The zoo said the monkey, named Loki -- and female, though initially thought to be male -- was ill from complications of metabolic bone disease.
In a media release, the zoo explained that staff are checking to see if Loki's indoor enclosure is to blame, since metabolic bone disease can be caused by a lack of sunlight:
The skylights in the Small Mammal House are made of UV-transmissible glass, which allows the UV to penetrate the animal enclosures in order to provide sunlight. This is important for young animals especially as they wean. This monkey was in the weaning process as she was entirely dam-reared and just starting to eat solid foods. Because the amount of UV light penetration can vary depending on many factors, staff regularly use light meters to measure the intensity of the UV light. Zoo experts are now examining the accuracy of the light meters used. Staff are implementing immediate husbandry changes, where appropriate, such as rotating animals to outdoor enclosures to allow direct sunlight exposure and evaluating diets for at-risk animals.
According to the 1995 paper "Vitamin D and Primates: Recurring problems on a familiar theme," "captive primates housed indoors with little access to ultraviolet light have historically been susceptible to metabolic bone disease," with mother-reared infants being especially vulnerable.
"We had one pair of howlers in the outdoor exhibit and kept this family indoors as that was a better husbandry choice with the baby," zoo spokesperson Pamela Baker-Masson told The Huffngton Post. "Obviously the staff didn’t realize that the UV was a problem or they would have managed the monkeys differently."

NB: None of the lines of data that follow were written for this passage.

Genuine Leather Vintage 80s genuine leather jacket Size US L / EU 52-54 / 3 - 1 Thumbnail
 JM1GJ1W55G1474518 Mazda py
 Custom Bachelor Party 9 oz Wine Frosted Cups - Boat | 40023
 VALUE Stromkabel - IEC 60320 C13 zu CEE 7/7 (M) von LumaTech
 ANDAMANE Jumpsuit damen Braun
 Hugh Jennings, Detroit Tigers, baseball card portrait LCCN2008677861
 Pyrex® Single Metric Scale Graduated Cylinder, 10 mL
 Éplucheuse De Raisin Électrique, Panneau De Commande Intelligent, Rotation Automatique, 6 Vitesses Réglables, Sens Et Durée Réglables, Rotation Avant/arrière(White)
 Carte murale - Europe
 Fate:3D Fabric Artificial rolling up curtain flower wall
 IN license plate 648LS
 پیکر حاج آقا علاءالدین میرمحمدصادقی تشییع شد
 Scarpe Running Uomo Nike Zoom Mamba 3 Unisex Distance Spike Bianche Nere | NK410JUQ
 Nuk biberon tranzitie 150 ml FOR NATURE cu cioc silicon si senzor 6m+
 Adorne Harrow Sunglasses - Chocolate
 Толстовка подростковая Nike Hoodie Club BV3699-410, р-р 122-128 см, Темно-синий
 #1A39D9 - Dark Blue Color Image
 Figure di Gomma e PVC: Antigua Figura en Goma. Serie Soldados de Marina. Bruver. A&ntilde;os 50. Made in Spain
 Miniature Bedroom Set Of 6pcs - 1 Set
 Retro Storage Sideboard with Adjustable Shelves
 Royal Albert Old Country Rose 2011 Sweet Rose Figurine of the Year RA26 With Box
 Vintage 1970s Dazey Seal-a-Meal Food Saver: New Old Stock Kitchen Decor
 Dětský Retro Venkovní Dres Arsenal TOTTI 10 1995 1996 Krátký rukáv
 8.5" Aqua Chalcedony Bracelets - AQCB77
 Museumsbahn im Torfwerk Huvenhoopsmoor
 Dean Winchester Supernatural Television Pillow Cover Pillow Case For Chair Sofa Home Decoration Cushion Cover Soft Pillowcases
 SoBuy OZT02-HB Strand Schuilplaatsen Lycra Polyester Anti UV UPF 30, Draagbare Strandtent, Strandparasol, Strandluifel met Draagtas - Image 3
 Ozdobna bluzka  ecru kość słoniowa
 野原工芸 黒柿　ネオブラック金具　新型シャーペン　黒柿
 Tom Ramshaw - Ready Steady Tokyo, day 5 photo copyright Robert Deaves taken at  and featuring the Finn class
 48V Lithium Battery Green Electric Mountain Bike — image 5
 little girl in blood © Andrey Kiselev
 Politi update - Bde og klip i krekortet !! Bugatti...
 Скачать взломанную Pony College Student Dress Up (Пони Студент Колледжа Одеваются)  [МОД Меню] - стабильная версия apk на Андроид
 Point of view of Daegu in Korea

Loki received medical care for five days in the zoo's animal hospital, where she was exposed to direct sunlight. She was also treated with injectable vitamins and received a blood transfusion from her father. But, according to the zoo's release, "despite the combined efforts of keepers, nutritionists, technicians and veterinarians, the monkey grew weaker. The consensus decision was made to humanely euthanize Loki on Sunday morning."
Loki was the first baby born to mom Chula and dad Pele, who are among the two pairs of howler monkeys on display at the zoo. Baker-Masson told HuffPost both parents are being watched closely and zookeepers have noticed that Chula is "more sedate and not moving around as much. This indicates that she is aware that the baby is gone."
Chula is also "spending more time with the male," Baker-Masson said. "Typically, males are not involved in rearing the young. The fact that she is spending more time with the male indicates that she is returning to more normal behavior."